▼▼▼
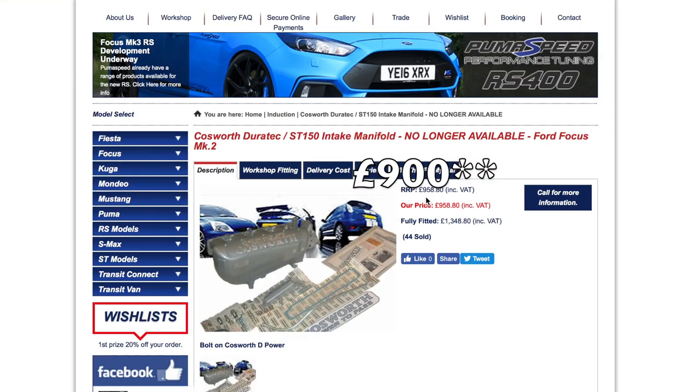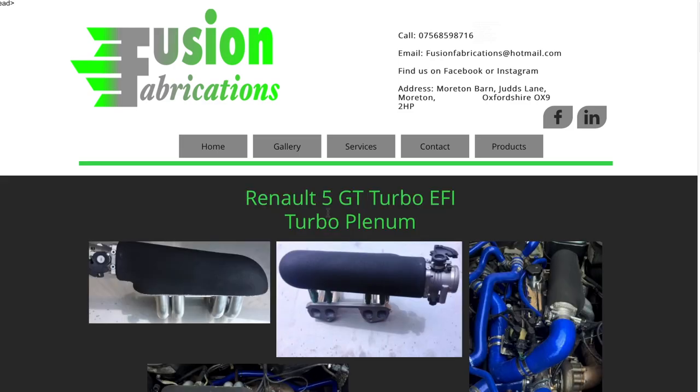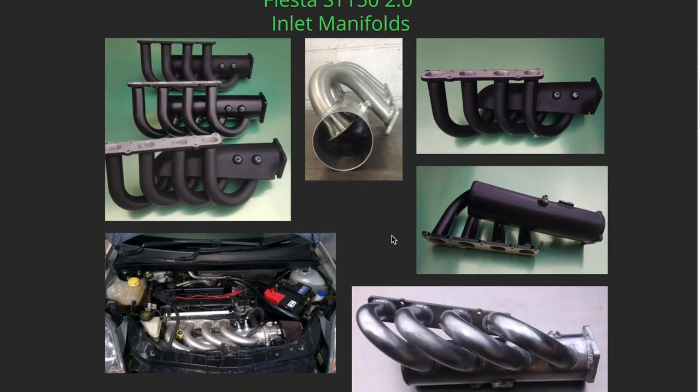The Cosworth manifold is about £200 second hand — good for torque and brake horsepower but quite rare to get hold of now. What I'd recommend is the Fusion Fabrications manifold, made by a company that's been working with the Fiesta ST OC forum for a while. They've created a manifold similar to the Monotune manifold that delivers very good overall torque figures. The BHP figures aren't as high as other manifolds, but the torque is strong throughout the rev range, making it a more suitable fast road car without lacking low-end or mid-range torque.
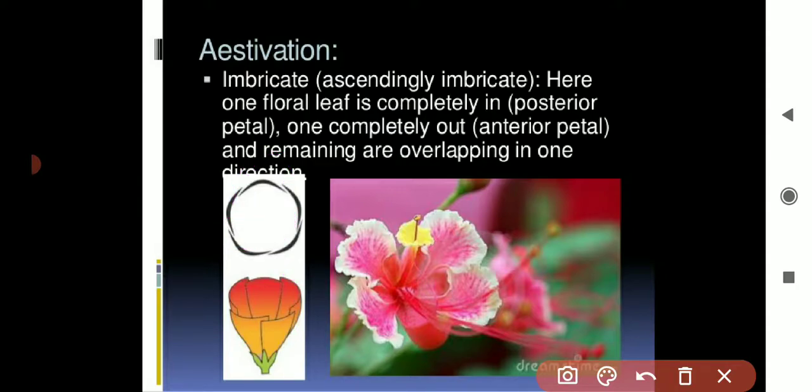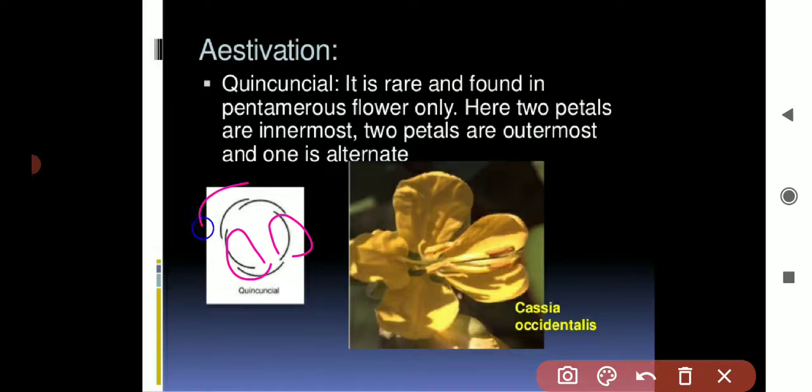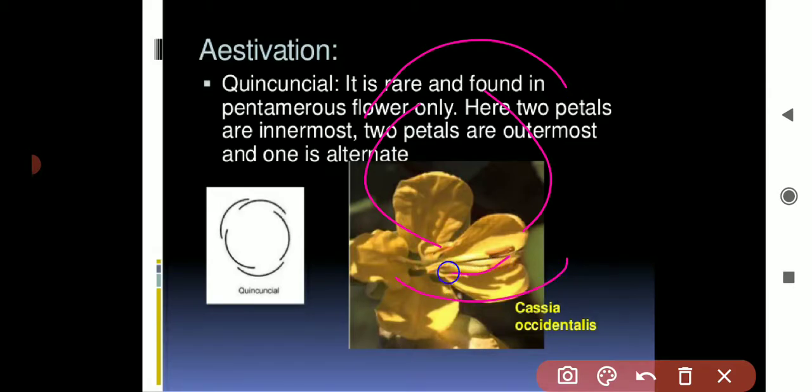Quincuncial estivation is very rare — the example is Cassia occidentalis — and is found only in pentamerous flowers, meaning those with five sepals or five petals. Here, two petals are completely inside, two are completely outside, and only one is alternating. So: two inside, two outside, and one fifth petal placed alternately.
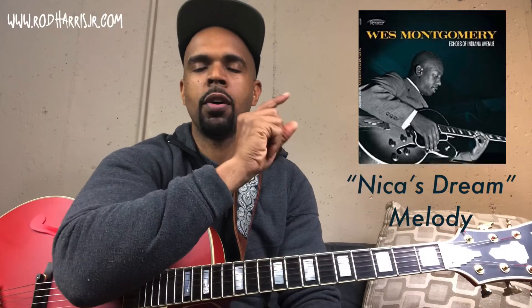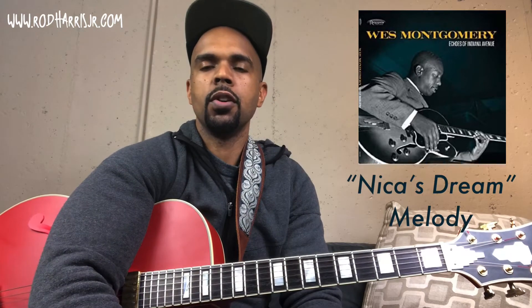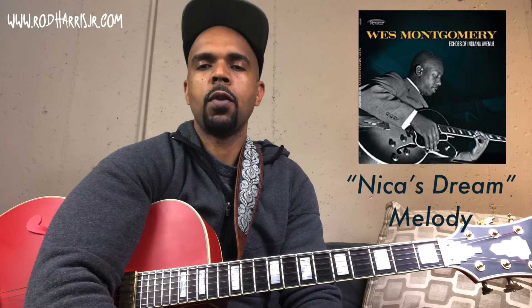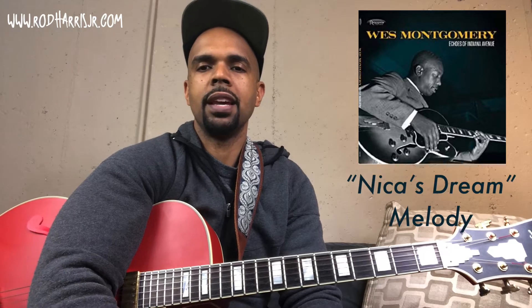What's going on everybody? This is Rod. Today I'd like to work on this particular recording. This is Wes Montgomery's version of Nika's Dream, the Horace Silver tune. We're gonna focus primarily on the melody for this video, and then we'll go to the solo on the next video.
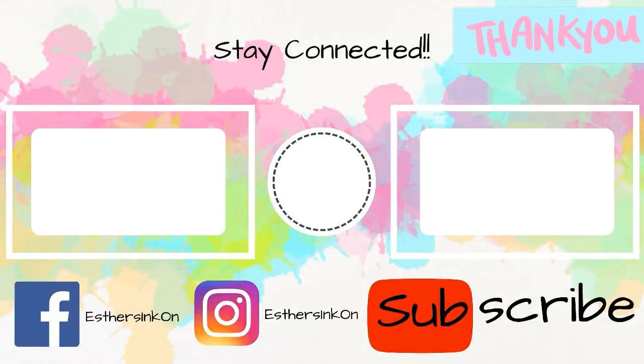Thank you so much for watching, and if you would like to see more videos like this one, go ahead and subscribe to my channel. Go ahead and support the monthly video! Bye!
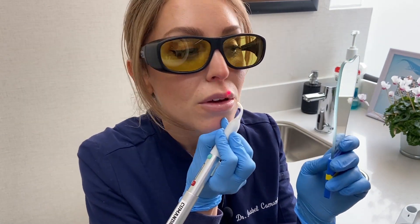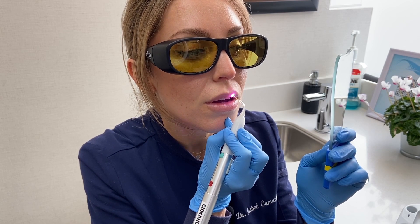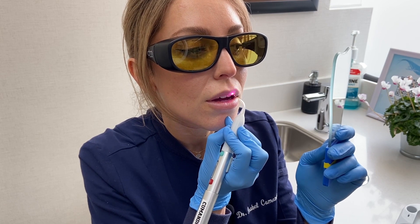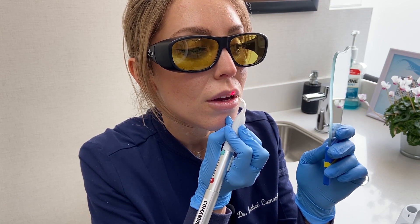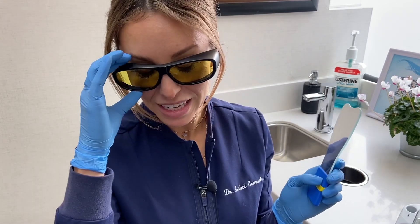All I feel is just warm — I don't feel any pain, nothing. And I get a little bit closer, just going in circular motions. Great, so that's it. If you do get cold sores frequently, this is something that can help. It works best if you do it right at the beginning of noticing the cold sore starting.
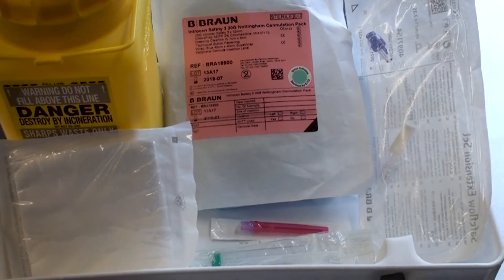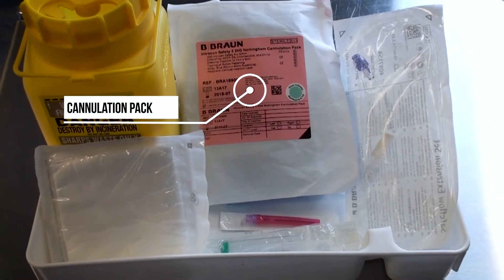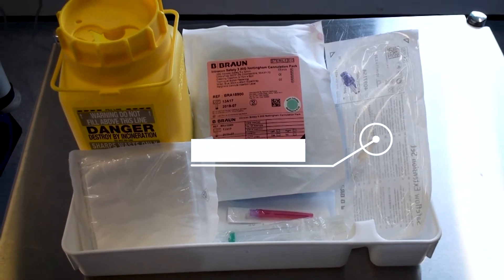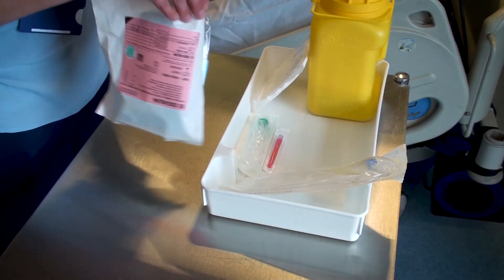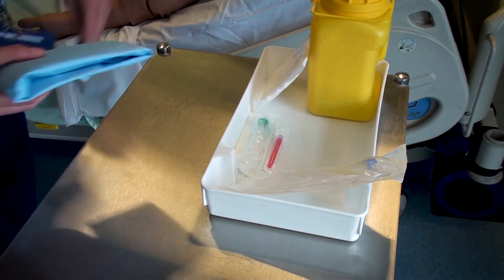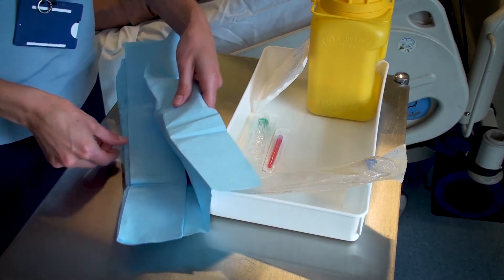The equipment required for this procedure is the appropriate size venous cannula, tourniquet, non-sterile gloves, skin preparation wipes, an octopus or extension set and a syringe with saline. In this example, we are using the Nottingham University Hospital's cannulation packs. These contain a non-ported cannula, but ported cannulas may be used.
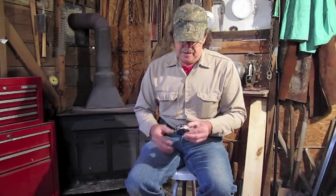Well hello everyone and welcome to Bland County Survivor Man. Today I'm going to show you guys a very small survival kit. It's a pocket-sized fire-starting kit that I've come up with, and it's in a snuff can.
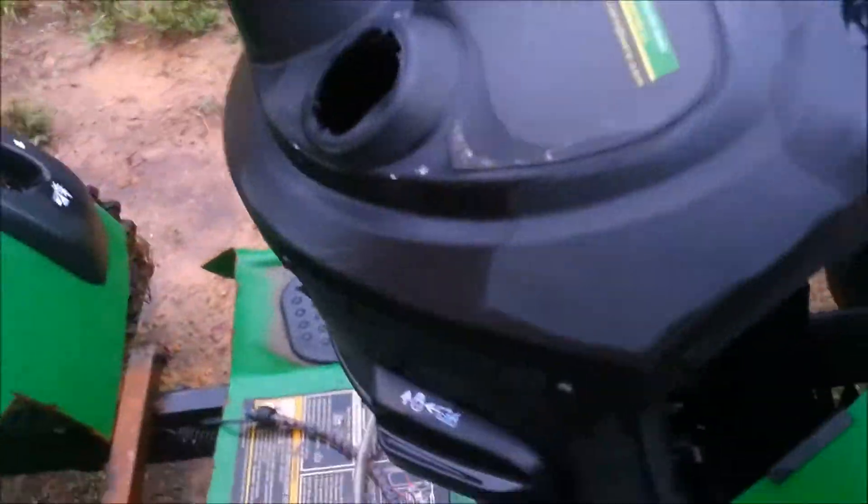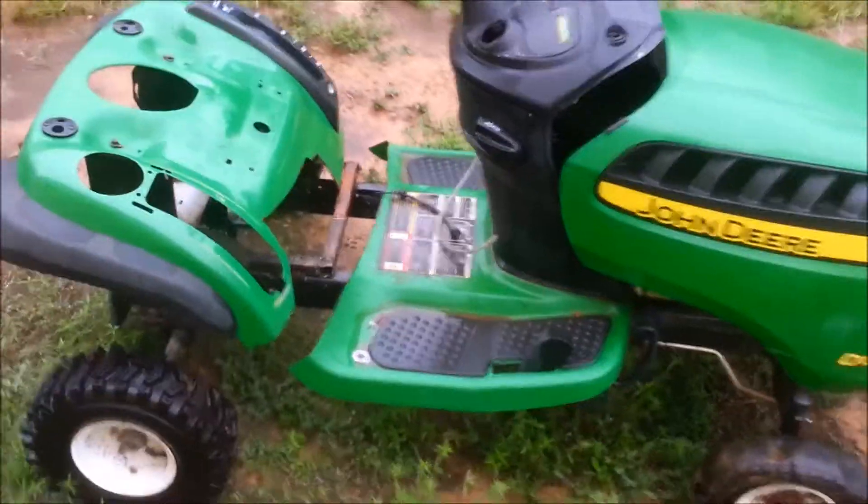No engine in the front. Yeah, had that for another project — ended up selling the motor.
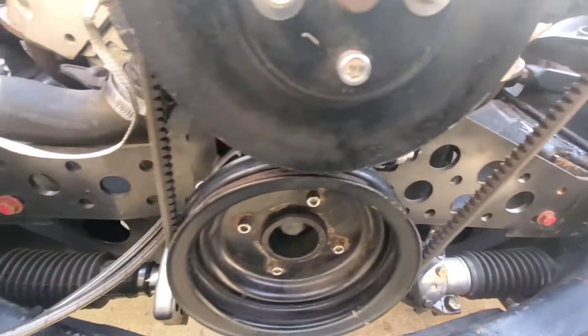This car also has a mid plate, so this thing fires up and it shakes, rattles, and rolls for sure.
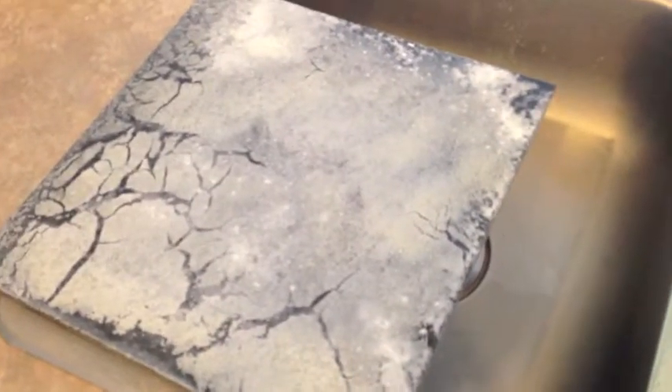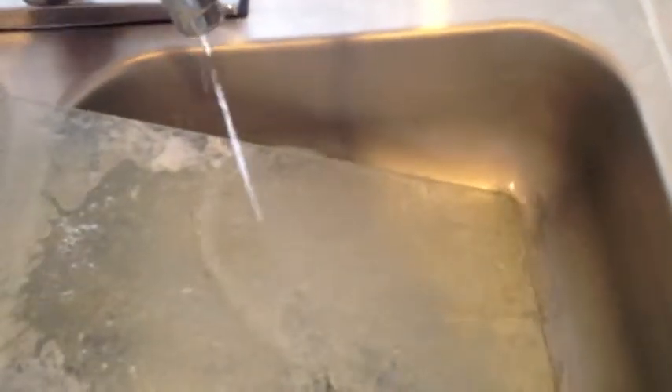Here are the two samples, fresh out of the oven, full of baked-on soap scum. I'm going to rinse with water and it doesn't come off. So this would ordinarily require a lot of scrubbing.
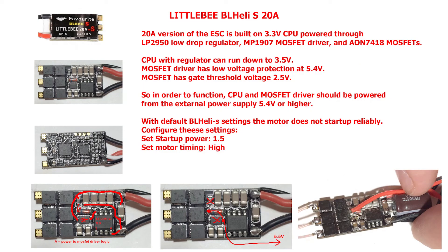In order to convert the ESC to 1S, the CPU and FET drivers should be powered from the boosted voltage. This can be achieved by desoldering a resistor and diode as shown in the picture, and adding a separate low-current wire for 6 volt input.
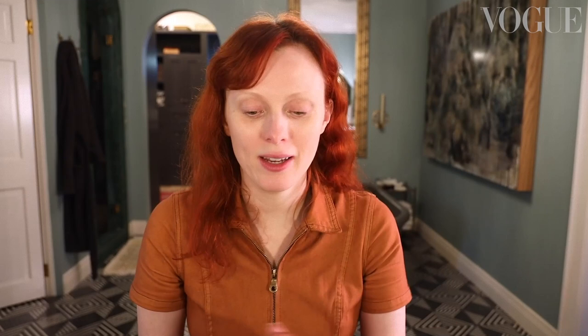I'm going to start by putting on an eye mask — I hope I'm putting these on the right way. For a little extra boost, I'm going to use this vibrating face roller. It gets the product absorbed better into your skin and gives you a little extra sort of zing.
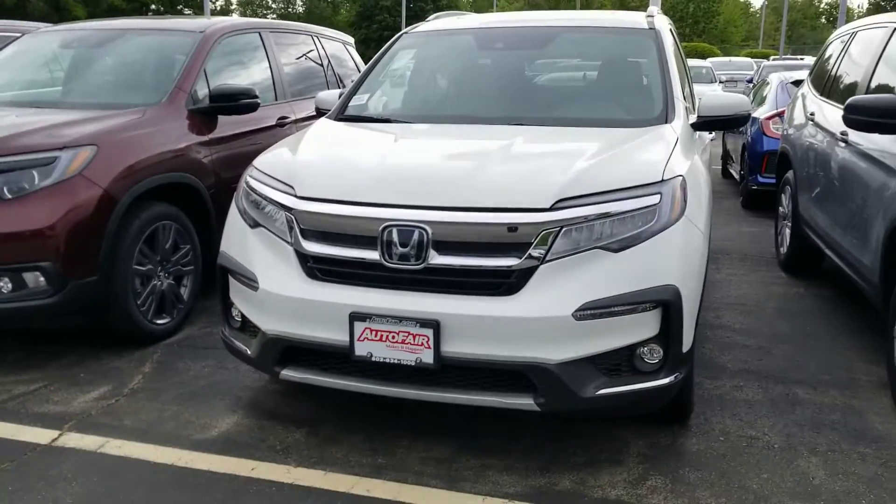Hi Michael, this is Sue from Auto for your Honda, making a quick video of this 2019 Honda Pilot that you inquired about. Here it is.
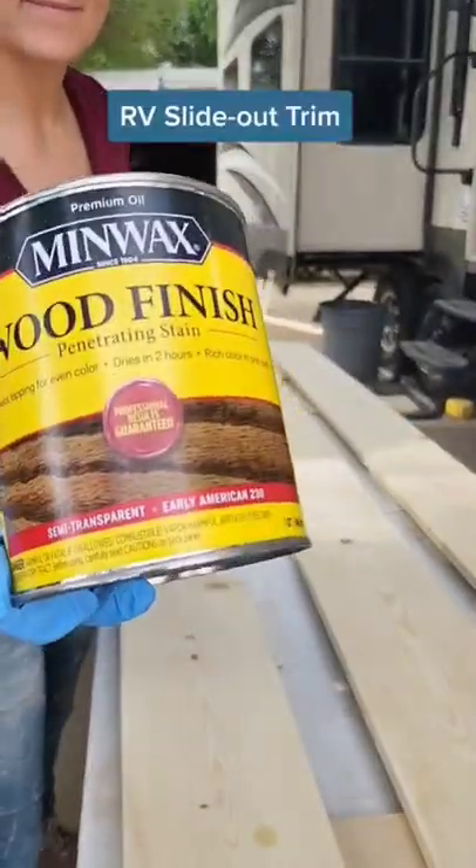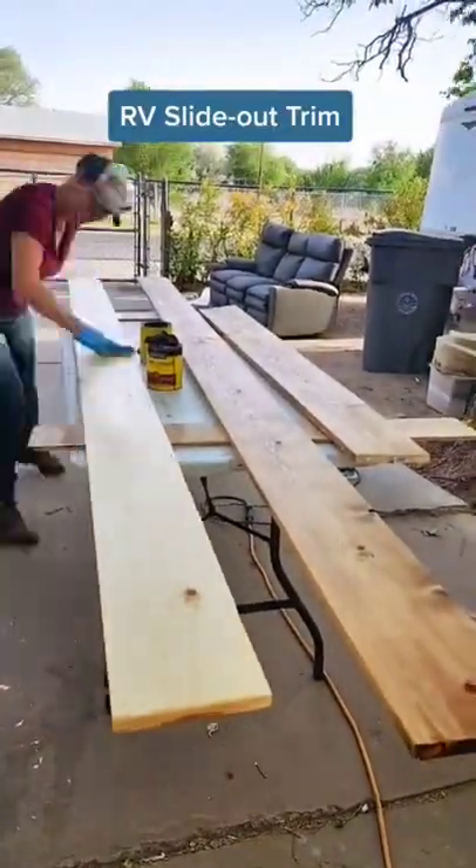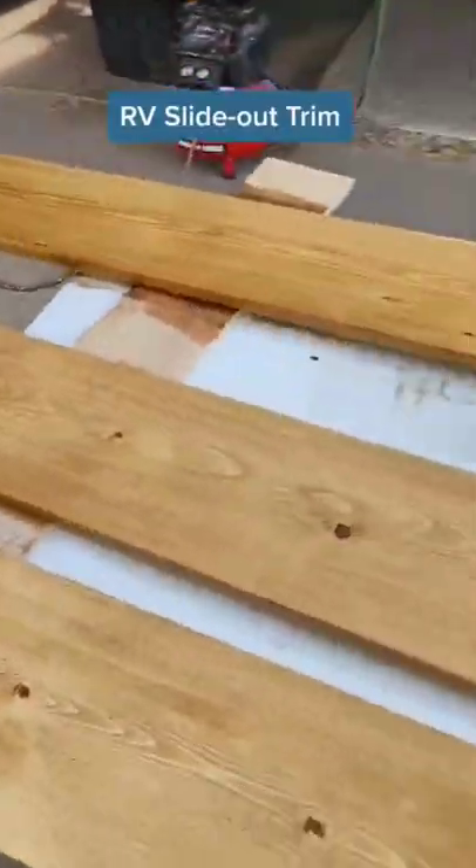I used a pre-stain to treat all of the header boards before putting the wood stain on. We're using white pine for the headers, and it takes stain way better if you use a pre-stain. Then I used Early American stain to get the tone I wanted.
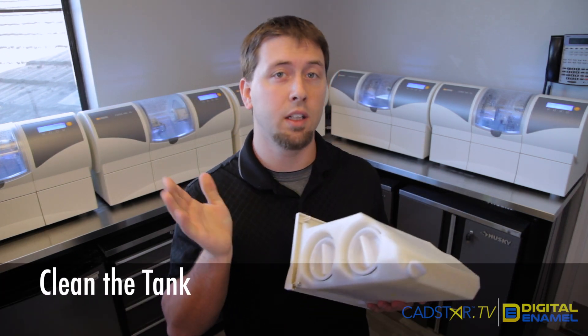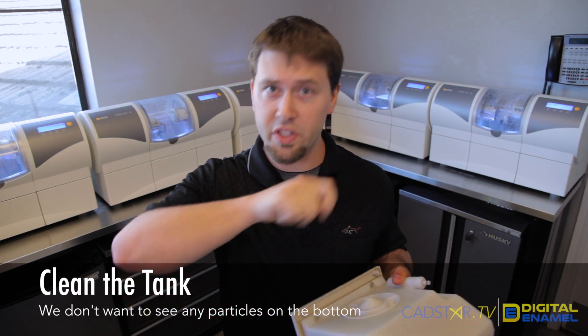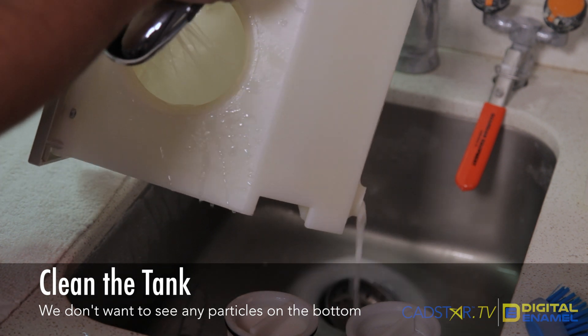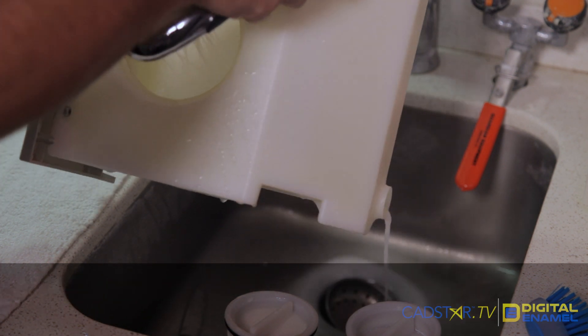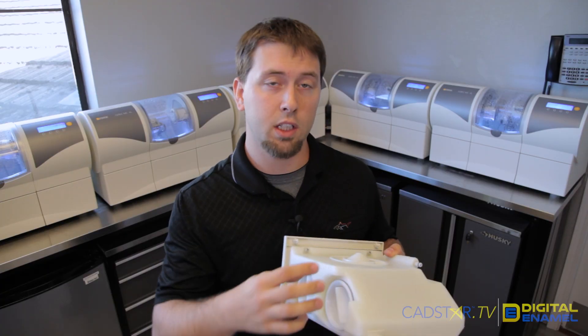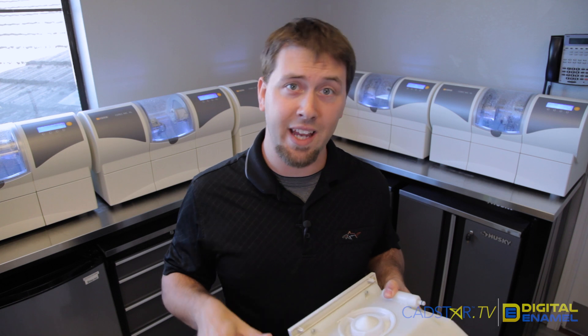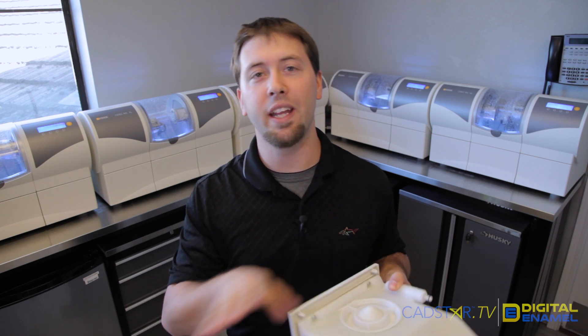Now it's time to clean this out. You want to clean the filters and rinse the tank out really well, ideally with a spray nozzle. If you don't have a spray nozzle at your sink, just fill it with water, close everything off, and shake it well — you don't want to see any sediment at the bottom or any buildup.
▲▲▲
Problem to work on
Transcribe all records verbatim, no pictures.

Task answer
The Cosworth manifold is about £200 second hand — good for torque and brake horsepower but quite rare to get hold of now. What I'd recommend is the Fusion Fabrications manifold, made by a company that's been working with the Fiesta ST OC forum for a while. They've created a manifold similar to the Monotune manifold that delivers very good overall torque figures. The BHP figures aren't as high as other manifolds, but the torque is strong throughout the rev range, making it a more suitable fast road car without lacking low-end or mid-range torque.
Quincuncial estivation is very rare — the example is Cassia occidentalis — and is found only in pentamerous flowers, meaning those with five sepals or five petals. Here, two petals are completely inside, two are completely outside, and only one is alternating. So: two inside, two outside, and one fifth petal placed alternately.
What's going on everybody? This is Rod. Today I'd like to work on this particular recording. This is Wes Montgomery's version of Nika's Dream, the Horace Silver tune. We're gonna focus primarily on the melody for this video, and then we'll go to the solo on the next video.
Thank you so much for watching, and if you would like to see more videos like this one, go ahead and subscribe to my channel. Go ahead and support the monthly video! Bye!
All I feel is just warm — I don't feel any pain, nothing. And I get a little bit closer, just going in circular motions. Great, so that's it. If you do get cold sores frequently, this is something that can help. It works best if you do it right at the beginning of noticing the cold sore starting.
The equipment required for this procedure is the appropriate size venous cannula, tourniquet, non-sterile gloves, skin preparation wipes, an octopus or extension set and a syringe with saline. In this example, we are using the Nottingham University Hospital's cannulation packs. These contain a non-ported cannula, but ported cannulas may be used.
Well hello everyone and welcome to Bland County Survivor Man. Today I'm going to show you guys a very small survival kit. It's a pocket-sized fire-starting kit that I've come up with, and it's in a snuff can.
No engine in the front. Yeah, had that for another project — ended up selling the motor.
This car also has a mid plate, so this thing fires up and it shakes, rattles, and rolls for sure.
Here are the two samples, fresh out of the oven, full of baked-on soap scum. I'm going to rinse with water and it doesn't come off. So this would ordinarily require a lot of scrubbing.
In order to convert the ESC to 1S, the CPU and FET drivers should be powered from the boosted voltage. This can be achieved by desoldering a resistor and diode as shown in the picture, and adding a separate low-current wire for 6 volt input.
I'm going to start by putting on an eye mask — I hope I'm putting these on the right way. For a little extra boost, I'm going to use this vibrating face roller. It gets the product absorbed better into your skin and gives you a little extra sort of zing.
Hi Michael, this is Sue from Auto for your Honda, making a quick video of this 2019 Honda Pilot that you inquired about. Here it is.
I used a pre-stain to treat all of the header boards before putting the wood stain on. We're using white pine for the headers, and it takes stain way better if you use a pre-stain. Then I used Early American stain to get the tone I wanted.
Now it's time to clean this out. You want to clean the filters and rinse the tank out really well, ideally with a spray nozzle. If you don't have a spray nozzle at your sink, just fill it with water, close everything off, and shake it well — you don't want to see any sediment at the bottom or any buildup.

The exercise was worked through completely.